Nitrofurantoin is a synthetic nitrofuran that interferes with bacterial carbohydrate metabolism by inhibiting acetylcoenzyme A. It is bacteriostatic at low concentrations (5-10 mcg/mL) and bactericidal at higher concentrations. It is bactericidal against uropathogens such as Staphylococcus saprophyticus, Enterococcus faecalis, and Escherichia coli; it possesses no activity against Proteus, Serratia, or Pseudomonas species. It received a “A-I”  rating in the 2011 IDSA guidelines for treating UTIs.

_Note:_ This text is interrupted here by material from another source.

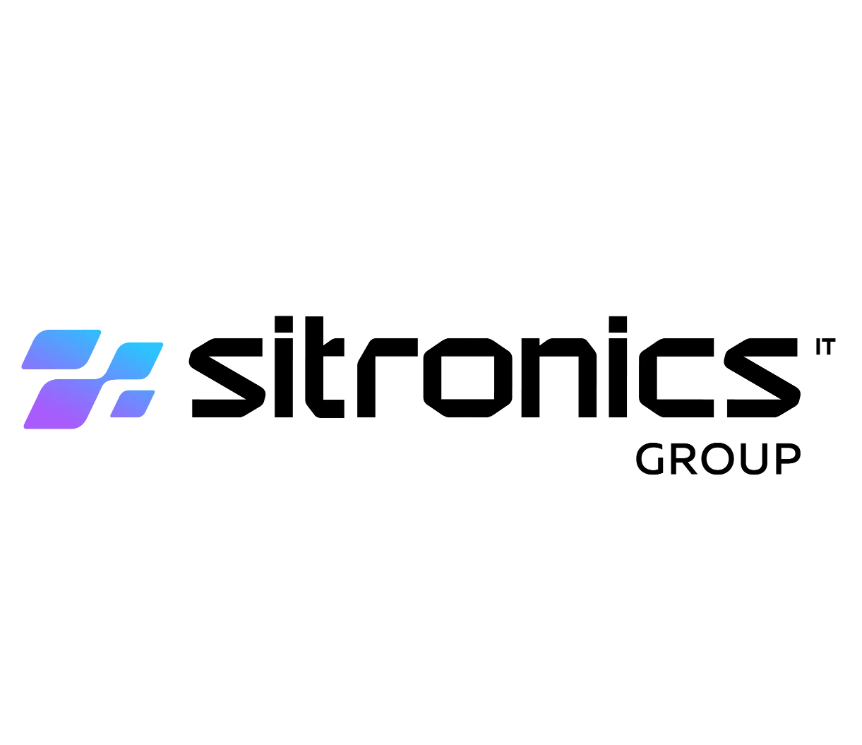 Sitronics Group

It is manufactured in different forms to facilitate durable urine concentrations: macrocrystals (Macrodantin), microcrystal suspension (Furadantin), and a combined preparation (Macrobid). This agent achieves no appreciable concentrations in the prostate, kidney, or blood. Administer 100 mg orally twice daily for 5-7 days.

Cephalexin (Keflex)

This is a first-generation cephalosporin that inhibits bacterial growth by inhibiting bacterial cell wall synthesis. It is bactericidal and effective against rapidly growing organisms forming cell walls. Administer 500 mg orally every six hours for 5-7 days. 

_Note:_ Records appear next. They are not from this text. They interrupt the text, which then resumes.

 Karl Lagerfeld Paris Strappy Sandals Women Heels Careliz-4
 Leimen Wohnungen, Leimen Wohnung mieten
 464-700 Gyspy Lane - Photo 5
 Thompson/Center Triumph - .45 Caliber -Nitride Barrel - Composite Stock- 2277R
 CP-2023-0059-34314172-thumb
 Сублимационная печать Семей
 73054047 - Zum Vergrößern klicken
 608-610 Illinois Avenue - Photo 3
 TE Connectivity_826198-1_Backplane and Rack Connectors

Amoxicillin and clavulanate (Augmentin, Amoclan)

Amoxicillin interferes with the synthesis of cell wall mucopeptides during active multiplication, resulting in bactericidal activity against susceptible bacteria. This drug combination treats bacteria normally resistant to beta-lactam antibiotics. Administer 500/125 mg orally every 8 hours for 5-7 days. An alternative dosing is 875/125 mg twice daily for 5-7 days.

Amoxicillin (Moxatag)

Amoxicillin interferes with synthesis of cell wall mucopeptides during active multiplication, resulting in bactericidal activity against susceptible bacteria. Administer 500 mg orally every eight hours for 5-7 days. This should not be used for empiric treatment given its poor efficacy.

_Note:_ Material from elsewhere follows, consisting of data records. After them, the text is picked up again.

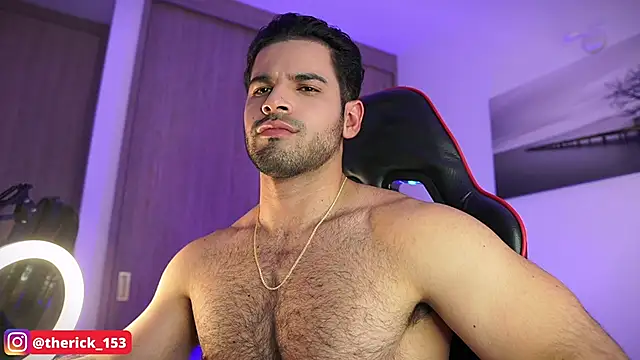 Snapshot of Rick__Smith153 chatting on December 2024 04:45:01 AM Rick Smith153 online show from December 2024 04:45:01 AM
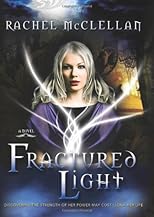 Fractured Light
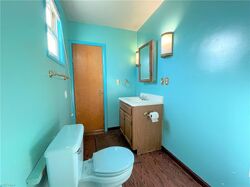 Pre-foreclosure in  BRADY LAKE RD Ravenna, OH 44266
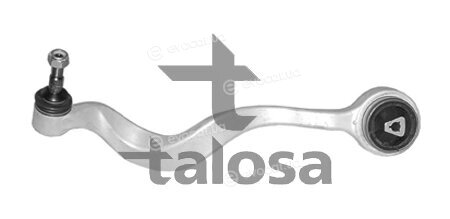 Talosa 46-02413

Cefuroxime (Ceftin, Zinacef)

Cefuroxime is a second-generation cephalosporin that maintains the gram-positive activity of first-generation cephalosporins; it adds activity against Proteus mirabilis, Haemophilus influenzae, Escherichia coli, Klebsiella pneumoniae, and Moraxella catarrhalis. Administer 250 mg orally twice daily for 3-7 days

Fosfomycin (Monurol)

Fosfomycin was given a "B, I" rating in the 1999 IDSA guidelines for treating UTIs. Phosphonic acid is a bactericidal agent active against most UTI pathogens, including Escherichia coli and Enterobacter, Klebsiella, and Enterococcus species. Little cross-resistance between fosfomycin and other antibacterial agents exists. It is primarily excreted unchanged in the urine, and concentrations remain high for 24-48 hours after a single dose. It is unique but quite expensive. Administer 3 g orally as single dose with 3-4 oz of water

Ceftriaxone (Rocephin (DSC))

Ceftriaxone is a third-generation cephalosporin with broad-spectrum gram-negative activity; has lower efficacy against gram-positive organisms but higher efficacy against resistant organisms; highly stable in presence of beta-lactamases (penicillinase and cephalosporinase) of gram-negative and gram-positive bacteria. Administer 1-2 g IV once a day for acute uncomplicated pyelonephritis.

Ertapenem (Invanz)

Ertapenem is a carbapenem that inhibits cell-wall synthesis by binding to penicillin-binding proteins; resistant to most beta-lactamases. Indicated for complicated urinary tract infections, including pyelonephritis. Administer 1 g/day IV/IM for up to 14 days; after ≥3 days of parenteral therapy, patients may be switched to appropriate PO regimen if they have shown clinical improvement.